Parental chromosomal abnormalities
The most common parent abnormalities are translocations. Although the chromosomes are rearranged, they are balanced and therefore the parent should have no health problems. However, during meiosis these chromosomes segregate and may result in the baby inheriting extra or missing pieces of a chromosome. This imbalance can cause intellectual disability and other defects, or cause a miscarriage. For couples who have experienced recurrent pregnancy loss, the chances that one of the parents has a chromosomal rearrangement is approximately 3-6%. While parents who carry these rearrangements are at increased risk of further miscarriages, they can still produce healthy children. Chromosome studies can be performed to determine which parent is a carrier of a chromosomal rearrangement.

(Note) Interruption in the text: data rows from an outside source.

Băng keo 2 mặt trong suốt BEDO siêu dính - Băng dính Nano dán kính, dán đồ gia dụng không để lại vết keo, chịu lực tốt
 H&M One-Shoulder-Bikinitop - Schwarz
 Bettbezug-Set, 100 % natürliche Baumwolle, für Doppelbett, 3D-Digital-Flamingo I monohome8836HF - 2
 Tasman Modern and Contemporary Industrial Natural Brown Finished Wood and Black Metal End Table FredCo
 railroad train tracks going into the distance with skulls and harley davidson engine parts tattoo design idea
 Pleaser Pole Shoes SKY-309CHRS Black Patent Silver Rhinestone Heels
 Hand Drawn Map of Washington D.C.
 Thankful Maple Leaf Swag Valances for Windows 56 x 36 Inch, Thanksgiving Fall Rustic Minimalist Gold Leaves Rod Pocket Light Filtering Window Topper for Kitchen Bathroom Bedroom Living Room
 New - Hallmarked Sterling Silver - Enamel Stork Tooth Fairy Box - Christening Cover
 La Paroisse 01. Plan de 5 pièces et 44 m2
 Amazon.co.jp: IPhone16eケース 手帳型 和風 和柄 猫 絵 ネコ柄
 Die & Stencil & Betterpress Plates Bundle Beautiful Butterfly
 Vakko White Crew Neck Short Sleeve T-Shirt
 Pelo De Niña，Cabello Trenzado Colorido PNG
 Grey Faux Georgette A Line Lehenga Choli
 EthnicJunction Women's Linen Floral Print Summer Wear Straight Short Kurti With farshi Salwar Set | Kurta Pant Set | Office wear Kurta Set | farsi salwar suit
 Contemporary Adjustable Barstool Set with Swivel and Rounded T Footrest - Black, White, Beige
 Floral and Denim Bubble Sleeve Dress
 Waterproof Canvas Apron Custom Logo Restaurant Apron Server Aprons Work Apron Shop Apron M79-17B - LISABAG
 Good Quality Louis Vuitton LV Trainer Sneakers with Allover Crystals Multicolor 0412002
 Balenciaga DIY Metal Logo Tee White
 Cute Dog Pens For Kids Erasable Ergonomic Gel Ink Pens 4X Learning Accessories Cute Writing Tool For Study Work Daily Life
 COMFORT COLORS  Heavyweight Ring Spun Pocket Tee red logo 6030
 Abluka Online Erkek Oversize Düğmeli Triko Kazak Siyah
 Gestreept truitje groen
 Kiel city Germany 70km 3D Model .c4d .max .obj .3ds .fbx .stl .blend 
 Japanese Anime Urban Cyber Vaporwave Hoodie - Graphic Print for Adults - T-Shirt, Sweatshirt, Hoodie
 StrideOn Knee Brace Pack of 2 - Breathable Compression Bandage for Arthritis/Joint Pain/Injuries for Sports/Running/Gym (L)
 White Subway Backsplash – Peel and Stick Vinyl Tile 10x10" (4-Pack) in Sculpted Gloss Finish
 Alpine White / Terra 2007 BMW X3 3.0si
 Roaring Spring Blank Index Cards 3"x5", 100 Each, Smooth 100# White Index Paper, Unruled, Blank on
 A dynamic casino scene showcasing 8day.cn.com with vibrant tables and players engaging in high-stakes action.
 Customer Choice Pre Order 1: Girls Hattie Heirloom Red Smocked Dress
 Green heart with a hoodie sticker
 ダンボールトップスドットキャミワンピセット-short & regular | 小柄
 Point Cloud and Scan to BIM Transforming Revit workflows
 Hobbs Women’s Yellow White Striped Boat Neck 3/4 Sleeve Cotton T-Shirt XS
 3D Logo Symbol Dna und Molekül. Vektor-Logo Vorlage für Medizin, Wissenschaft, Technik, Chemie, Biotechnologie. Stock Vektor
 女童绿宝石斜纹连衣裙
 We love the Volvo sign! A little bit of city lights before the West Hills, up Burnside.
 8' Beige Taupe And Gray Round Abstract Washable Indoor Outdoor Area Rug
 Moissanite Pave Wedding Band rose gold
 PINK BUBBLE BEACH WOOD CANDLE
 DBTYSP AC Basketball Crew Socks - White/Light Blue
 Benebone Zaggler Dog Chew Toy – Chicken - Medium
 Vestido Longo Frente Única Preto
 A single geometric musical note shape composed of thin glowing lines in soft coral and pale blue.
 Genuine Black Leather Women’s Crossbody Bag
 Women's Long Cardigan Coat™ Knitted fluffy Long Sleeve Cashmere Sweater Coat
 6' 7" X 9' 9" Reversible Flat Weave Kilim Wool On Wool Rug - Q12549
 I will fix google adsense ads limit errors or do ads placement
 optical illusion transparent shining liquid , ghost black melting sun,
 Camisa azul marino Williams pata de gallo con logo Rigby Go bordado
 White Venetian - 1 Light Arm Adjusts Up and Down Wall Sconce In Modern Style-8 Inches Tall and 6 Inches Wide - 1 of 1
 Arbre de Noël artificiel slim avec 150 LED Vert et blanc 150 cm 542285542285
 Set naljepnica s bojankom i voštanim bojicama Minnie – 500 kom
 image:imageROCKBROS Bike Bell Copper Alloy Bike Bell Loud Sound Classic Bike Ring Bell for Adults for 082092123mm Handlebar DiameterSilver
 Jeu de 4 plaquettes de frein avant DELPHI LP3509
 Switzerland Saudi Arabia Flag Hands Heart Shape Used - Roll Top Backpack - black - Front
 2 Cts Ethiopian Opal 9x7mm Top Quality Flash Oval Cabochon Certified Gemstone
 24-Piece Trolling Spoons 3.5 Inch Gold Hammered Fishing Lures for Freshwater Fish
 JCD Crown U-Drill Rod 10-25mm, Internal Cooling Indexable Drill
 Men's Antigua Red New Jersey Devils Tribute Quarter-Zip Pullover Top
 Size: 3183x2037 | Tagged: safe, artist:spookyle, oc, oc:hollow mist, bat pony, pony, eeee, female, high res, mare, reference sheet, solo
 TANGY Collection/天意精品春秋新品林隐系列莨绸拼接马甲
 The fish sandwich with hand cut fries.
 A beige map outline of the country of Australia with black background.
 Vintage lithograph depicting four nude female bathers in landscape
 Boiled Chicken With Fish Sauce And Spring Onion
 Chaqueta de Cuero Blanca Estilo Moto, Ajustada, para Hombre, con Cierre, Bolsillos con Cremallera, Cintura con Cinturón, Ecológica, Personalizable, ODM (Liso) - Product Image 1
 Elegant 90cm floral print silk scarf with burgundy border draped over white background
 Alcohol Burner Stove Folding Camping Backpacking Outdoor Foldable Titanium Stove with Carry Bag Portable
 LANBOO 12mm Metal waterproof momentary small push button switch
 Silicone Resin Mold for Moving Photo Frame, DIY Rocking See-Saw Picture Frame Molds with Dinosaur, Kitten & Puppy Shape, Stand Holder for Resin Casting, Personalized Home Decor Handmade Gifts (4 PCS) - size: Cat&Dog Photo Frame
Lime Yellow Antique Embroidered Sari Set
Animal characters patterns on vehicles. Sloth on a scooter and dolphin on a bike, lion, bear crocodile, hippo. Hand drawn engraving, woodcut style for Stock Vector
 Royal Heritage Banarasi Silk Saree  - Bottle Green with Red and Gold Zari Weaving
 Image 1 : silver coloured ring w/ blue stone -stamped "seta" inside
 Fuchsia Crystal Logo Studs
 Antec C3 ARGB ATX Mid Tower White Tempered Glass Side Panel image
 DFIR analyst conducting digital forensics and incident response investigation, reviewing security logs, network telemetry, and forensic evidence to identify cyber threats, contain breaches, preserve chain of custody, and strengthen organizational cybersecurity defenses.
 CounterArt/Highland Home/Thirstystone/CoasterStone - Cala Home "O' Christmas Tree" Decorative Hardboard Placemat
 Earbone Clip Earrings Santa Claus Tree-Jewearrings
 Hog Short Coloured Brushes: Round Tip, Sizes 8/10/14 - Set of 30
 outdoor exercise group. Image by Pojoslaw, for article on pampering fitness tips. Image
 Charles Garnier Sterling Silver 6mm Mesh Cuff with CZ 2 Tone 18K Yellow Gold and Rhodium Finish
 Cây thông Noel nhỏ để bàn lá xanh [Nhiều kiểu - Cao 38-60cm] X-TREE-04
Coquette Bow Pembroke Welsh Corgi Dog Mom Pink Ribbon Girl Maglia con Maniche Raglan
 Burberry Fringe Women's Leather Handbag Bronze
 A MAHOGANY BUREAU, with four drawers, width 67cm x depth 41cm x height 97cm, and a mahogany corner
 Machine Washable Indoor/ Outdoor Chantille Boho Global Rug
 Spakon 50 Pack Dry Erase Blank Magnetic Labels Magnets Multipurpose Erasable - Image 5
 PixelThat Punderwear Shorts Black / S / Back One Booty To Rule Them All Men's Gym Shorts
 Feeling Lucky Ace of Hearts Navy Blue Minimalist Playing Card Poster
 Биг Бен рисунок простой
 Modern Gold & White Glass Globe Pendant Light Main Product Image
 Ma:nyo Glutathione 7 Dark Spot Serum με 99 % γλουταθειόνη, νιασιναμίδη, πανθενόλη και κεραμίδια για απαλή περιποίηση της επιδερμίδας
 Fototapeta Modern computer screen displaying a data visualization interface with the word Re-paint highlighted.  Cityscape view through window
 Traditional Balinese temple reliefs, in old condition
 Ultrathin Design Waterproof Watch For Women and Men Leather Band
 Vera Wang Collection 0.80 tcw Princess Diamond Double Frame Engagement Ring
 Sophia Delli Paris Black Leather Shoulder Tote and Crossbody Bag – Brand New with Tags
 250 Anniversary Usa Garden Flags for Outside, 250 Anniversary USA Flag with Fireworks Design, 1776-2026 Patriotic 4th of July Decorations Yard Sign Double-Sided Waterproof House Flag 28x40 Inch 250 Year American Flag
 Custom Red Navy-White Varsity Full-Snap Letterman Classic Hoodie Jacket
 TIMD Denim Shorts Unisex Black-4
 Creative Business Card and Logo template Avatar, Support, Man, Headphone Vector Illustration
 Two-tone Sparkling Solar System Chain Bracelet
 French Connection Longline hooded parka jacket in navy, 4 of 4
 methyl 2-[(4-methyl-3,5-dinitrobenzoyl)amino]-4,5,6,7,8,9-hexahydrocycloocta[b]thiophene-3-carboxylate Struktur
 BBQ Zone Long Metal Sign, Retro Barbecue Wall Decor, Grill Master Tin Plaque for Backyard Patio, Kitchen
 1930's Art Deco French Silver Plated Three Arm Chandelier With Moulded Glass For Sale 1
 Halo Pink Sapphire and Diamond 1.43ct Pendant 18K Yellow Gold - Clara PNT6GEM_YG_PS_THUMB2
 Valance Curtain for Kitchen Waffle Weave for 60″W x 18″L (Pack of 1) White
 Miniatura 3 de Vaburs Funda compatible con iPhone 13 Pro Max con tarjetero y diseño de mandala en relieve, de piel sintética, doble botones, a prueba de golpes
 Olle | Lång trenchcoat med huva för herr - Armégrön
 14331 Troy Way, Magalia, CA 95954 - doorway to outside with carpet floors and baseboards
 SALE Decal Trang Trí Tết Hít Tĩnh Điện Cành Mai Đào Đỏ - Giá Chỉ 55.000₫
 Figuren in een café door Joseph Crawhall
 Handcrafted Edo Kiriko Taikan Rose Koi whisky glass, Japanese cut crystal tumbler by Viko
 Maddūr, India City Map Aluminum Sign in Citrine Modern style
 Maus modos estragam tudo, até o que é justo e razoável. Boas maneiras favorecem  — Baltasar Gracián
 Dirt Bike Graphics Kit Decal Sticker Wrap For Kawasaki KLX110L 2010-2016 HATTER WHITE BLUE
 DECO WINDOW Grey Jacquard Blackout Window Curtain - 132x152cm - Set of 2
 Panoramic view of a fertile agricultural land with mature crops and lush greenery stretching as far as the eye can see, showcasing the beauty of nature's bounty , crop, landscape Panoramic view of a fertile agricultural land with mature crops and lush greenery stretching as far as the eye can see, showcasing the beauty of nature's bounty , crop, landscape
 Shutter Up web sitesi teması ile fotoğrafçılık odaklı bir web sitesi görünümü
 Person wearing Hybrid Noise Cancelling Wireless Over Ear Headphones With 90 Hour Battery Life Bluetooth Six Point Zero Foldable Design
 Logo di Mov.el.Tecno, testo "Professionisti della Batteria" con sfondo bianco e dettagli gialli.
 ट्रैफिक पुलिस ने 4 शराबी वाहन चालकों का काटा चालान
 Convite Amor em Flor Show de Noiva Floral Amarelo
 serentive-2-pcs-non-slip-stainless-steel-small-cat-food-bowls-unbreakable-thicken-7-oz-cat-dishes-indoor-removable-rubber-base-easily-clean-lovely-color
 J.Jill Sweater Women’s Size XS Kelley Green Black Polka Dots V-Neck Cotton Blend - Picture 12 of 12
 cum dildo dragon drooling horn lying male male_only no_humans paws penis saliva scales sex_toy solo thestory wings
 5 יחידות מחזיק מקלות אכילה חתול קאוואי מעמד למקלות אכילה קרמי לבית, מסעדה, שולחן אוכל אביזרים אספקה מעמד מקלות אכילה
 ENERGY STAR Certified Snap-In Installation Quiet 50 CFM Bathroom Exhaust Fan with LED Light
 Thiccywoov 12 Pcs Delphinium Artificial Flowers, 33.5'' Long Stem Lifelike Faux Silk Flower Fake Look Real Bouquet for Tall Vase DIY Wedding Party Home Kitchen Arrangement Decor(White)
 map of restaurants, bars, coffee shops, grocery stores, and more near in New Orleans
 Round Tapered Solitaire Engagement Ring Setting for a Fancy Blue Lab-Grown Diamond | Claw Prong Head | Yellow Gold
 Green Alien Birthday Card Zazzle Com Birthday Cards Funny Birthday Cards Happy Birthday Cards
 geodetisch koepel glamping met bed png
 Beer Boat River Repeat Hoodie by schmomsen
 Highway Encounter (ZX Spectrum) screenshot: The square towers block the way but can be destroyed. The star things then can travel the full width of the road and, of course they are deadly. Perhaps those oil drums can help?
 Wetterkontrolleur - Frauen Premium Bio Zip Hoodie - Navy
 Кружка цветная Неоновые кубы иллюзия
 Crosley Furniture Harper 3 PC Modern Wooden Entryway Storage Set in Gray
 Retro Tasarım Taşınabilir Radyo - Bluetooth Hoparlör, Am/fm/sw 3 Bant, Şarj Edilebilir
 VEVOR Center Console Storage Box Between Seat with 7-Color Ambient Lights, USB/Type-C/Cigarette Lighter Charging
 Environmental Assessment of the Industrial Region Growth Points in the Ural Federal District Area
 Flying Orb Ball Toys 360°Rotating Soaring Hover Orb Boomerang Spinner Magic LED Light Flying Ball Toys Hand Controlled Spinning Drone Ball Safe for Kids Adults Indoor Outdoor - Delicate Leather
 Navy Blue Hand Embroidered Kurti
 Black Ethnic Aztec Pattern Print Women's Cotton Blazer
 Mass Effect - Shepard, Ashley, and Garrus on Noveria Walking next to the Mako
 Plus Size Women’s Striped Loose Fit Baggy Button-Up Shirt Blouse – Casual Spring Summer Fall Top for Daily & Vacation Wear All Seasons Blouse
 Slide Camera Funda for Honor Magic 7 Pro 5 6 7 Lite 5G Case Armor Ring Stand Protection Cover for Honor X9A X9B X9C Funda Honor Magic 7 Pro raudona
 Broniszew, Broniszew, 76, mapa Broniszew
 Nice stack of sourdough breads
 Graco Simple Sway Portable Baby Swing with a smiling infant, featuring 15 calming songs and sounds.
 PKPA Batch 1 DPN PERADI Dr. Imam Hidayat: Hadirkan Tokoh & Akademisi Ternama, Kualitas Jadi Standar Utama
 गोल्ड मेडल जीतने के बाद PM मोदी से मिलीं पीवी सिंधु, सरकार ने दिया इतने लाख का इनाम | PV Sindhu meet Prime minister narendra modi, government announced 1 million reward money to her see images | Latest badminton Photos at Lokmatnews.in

Another cause of miscarriage is a mutation in one or more genes. This can result in specific genetic diseases or birth defects. Mutations can occur spontaneously in pregnancies or can be inherited from parents. Single gene defects have been significantly less studied than karyotypic causes of sporadic miscarriage and recurrent pregnancy loss. Major groups of single gene defects that have been associated include musculoskeletal gene mutations (including trinucleotide repeat disorders), genes involved in regulation of the immune system and implantation, thrombophilic gene mutations, and mutations in specific enzymes, including angiotensin-converting enzyme, ubiquitin-specific protease and human alkaline phosphatase.
Identifying the causes of miscarriages not only assists with genetic counselling and therapeutic management, but it also reduces the emotional distress and psychological burden on affected couples. Cytogenetic analysis of spontaneous miscarriages is essential to establish the aetiology of foetal losses and to assess patients at risk of recurrence in future pregnancies.
Recently, assisted reproductive techniques have been used to prevent further miscarriages in women with recurrent miscarriage. There are two approaches. The first involves pre‐gestational preimplantation diagnosis of known chromosomal aberrations (PGD). The other involves screening for a variety of possible chromosomal aberrations (PGS). In the case of parental chromosomal rearrangements and recurrent miscarriage, PGS seems to be a logical choice. This is also the most beneficial choice for women above the age of 40 years.
Elsewhere, developments in liquid biopsy techniques have enabled cell-free DNA (cfDNA) to be utilised for identifying chromosomal abnormalities. These advanced techniques will help reveal potential genetic reasons for miscarriage. This can help predict which couples have a higher chance of miscarriage.
Miscarriages, both sporadic and recurrent, have a genetic component. Understanding these complexities can not only provide some clarity for parents but can also help with therapeutic management. Unfortunately, miscarriage can result in mental health problems, such as depression, anxiety and post-traumatic stress disorder. As shown with model and talk show host Chrissy Teigen’s recent public announcement about her miscarriage at 20-24 weeks, publicly talking about experiences of miscarriage is still a taboo subject. The coronavirus pandemic, in particular, has had a major impact for women who have had a miscarriage. Harnessing advanced technologies to further understand miscarriage and to guide couples through assisted reproductive techniques is vital. But above all, raising awareness of miscarriage and creating an environment where women feel safe enough to share their stories is imperative to end the stigma and prevent downstream mental health problems.